[cfe-commits] PATCH: Add support for C++ namespace-aware typo correcting

Fri May 20 16:17:13 PDT 2011

Here's a WIP version of my rewritten namespace-aware typo correction patch
based on your feedback and our previous discussion.  Right now there are two
versions of Sema::CorrectTypo, with one for compatibility with the original
version of the method, and only lib/Sema/SemaExpr.cpp has been modified to
use the new one directly.  With just SemaExpr.cpp hooked up, the number of
errors in the new unit test dropped from 58 to 48, and currently the only
failure in existing tests which I still need to iron out is
test/CXX/basic/basic.lookup/basic.lookup.argdep/p4.cpp (I expect there will
be more in C++ tests as new corrections become possible).
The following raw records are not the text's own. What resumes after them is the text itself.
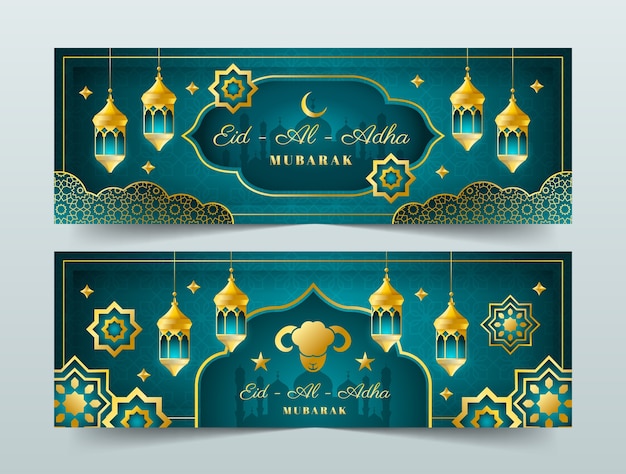 Vetor grátis banner horizontal gradiente eid al-adha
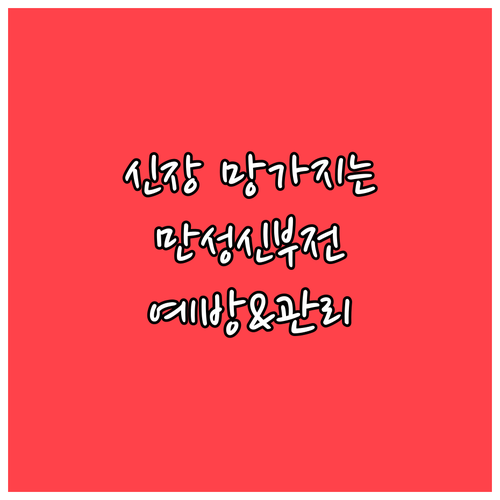 신장 기능 악화의 주범, 만성신부전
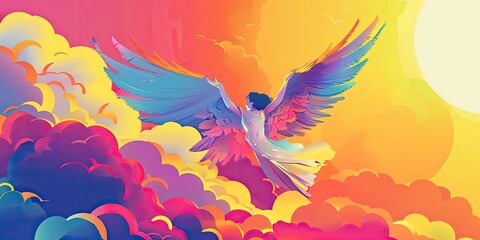 Fototapeta premium Majestic Angelic Figure in Colorful Clouds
I still have a fair bit of work to do such as having the rest of the callers
of CorrectTypo look for correction results in the new TypoCorrection object
instead of LookupResults, and to see about streamlining Sema::CorrectTypo a
bit more.  I'm sending what I have so far not for submission but to get your
feedback on the new approach before I put a lot of effort into polishing it.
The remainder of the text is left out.